▶ [PROBLEM REQUIREMENTS]: All lines holding the word "avec" should be located in the records and copied.

[Saved entries]
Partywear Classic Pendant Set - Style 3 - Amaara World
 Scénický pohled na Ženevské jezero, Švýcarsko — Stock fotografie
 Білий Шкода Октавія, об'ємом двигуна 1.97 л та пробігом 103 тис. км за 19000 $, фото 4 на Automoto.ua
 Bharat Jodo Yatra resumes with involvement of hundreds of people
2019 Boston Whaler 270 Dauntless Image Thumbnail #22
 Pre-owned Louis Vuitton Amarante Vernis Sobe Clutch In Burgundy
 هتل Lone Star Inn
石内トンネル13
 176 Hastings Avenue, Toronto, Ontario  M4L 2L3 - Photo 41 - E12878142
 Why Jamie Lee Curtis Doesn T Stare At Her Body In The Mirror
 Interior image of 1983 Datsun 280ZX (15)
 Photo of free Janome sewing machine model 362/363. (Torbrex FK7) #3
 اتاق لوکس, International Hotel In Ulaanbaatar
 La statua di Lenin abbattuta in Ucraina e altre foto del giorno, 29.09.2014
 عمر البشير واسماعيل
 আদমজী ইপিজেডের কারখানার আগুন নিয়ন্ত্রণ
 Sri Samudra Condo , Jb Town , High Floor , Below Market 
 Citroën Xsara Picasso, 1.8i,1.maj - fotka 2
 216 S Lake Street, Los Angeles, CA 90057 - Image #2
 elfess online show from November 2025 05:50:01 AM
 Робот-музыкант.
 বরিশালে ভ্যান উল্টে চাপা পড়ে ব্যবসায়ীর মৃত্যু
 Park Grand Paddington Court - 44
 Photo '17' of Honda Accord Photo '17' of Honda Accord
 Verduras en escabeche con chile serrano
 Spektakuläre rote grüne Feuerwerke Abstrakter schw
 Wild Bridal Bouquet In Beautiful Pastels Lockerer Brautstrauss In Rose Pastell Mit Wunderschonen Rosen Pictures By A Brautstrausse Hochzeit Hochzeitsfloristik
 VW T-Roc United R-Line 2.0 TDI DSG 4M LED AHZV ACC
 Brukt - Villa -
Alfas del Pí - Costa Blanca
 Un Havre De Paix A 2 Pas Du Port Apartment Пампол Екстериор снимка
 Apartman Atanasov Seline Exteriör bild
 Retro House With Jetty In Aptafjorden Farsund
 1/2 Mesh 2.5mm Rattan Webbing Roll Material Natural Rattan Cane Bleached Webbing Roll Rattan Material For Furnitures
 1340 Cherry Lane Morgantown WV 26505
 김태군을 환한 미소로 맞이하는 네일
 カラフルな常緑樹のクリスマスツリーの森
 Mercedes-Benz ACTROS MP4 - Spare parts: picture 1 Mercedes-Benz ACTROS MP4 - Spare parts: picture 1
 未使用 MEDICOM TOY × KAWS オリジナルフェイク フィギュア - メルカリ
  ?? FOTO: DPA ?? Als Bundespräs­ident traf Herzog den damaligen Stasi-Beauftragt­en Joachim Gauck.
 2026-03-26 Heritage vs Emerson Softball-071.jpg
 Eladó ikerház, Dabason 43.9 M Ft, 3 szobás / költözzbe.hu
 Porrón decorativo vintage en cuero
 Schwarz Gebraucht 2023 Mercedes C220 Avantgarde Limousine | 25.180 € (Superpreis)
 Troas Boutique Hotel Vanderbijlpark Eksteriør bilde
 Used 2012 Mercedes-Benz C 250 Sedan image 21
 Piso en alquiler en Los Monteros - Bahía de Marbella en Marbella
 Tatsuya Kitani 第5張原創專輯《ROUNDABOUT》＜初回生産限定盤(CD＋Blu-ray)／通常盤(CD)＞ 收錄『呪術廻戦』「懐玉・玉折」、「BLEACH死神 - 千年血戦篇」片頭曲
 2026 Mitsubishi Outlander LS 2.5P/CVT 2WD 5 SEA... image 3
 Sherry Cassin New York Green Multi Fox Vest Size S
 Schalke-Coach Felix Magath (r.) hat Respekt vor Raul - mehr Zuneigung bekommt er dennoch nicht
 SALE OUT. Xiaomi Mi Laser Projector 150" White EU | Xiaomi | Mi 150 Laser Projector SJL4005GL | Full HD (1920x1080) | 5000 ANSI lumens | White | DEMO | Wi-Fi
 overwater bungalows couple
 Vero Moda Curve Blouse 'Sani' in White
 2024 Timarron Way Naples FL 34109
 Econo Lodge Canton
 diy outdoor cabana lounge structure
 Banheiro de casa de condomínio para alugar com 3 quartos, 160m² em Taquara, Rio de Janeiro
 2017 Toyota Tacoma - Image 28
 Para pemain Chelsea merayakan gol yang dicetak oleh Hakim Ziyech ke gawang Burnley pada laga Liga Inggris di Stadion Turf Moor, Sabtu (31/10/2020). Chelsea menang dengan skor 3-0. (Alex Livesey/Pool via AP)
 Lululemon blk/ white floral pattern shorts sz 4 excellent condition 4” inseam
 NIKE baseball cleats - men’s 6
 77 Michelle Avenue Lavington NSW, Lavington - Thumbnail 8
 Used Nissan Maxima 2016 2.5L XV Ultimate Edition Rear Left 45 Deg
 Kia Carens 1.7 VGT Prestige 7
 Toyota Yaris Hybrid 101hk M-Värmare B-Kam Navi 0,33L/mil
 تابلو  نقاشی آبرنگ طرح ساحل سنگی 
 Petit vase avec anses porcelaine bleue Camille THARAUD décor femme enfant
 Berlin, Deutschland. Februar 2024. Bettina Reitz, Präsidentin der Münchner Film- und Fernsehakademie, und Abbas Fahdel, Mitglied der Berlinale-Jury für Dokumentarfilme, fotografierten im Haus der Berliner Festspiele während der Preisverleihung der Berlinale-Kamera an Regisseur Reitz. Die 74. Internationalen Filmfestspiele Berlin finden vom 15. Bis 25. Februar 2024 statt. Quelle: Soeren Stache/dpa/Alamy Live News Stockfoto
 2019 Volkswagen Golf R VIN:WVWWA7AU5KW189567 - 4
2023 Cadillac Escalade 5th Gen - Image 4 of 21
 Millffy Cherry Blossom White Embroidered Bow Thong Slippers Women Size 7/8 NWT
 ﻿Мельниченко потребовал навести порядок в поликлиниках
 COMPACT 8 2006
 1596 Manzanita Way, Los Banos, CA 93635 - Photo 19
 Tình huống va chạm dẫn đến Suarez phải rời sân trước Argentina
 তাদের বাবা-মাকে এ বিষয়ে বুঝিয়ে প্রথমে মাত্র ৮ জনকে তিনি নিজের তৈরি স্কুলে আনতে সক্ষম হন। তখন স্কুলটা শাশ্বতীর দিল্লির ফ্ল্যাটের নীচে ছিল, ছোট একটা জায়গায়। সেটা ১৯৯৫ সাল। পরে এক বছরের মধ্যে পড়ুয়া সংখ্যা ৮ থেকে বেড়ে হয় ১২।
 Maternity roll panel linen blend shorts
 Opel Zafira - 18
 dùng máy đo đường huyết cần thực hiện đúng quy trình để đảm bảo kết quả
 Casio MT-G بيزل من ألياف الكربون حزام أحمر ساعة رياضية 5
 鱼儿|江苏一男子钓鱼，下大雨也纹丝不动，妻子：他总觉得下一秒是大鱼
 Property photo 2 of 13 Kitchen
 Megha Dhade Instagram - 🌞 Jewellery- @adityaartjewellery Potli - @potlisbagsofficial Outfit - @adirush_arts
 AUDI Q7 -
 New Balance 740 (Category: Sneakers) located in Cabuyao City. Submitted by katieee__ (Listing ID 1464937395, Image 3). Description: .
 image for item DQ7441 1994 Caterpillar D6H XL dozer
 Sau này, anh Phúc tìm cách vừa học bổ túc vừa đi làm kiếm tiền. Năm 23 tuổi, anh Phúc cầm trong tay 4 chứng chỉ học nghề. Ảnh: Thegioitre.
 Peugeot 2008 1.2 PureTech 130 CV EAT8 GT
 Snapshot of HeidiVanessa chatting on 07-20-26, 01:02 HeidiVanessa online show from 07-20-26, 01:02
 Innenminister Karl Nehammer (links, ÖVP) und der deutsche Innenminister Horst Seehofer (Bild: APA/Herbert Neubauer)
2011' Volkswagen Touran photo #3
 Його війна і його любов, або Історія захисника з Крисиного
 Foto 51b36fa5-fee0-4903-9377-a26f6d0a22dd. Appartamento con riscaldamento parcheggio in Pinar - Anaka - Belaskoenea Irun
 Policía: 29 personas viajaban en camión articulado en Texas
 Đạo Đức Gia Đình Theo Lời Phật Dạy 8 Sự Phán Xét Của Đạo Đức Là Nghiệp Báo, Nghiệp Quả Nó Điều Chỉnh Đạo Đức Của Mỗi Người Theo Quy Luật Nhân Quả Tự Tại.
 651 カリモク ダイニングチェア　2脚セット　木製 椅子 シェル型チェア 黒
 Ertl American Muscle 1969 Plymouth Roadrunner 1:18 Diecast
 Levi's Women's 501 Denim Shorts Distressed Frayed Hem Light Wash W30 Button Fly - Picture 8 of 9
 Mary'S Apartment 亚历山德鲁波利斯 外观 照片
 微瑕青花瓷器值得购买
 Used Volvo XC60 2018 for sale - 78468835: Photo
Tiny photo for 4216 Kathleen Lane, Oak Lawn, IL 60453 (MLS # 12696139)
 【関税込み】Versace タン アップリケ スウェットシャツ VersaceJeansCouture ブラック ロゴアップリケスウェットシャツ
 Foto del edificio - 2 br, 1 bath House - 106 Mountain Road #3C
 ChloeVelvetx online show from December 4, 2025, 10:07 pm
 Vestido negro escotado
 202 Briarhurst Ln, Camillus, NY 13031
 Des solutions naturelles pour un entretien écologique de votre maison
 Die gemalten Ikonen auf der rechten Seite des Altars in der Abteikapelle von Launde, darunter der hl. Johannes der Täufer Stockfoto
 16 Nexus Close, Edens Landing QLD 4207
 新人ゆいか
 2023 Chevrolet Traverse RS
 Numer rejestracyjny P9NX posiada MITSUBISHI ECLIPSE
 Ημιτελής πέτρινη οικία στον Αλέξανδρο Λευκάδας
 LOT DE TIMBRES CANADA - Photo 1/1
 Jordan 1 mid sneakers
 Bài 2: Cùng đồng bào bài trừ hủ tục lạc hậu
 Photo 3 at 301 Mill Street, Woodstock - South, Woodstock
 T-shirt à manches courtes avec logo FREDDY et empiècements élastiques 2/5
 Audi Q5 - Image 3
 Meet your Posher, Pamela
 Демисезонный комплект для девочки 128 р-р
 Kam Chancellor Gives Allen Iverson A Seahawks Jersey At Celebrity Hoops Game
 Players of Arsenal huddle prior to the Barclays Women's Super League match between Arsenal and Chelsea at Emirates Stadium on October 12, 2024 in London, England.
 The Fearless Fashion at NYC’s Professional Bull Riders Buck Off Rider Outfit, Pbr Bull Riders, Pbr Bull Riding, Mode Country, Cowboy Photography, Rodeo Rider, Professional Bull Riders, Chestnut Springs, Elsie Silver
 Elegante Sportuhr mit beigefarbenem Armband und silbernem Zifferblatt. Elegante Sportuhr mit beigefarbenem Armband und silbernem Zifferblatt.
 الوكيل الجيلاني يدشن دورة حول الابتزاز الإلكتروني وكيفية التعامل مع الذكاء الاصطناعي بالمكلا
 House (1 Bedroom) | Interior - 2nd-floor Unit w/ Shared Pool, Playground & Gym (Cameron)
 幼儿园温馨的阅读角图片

▶ [SOLUTION TO THE PROBLEM]:
 Petit vase avec anses porcelaine bleue Camille THARAUD décor femme enfant
 T-shirt à manches courtes avec logo FREDDY et empiècements élastiques 2/5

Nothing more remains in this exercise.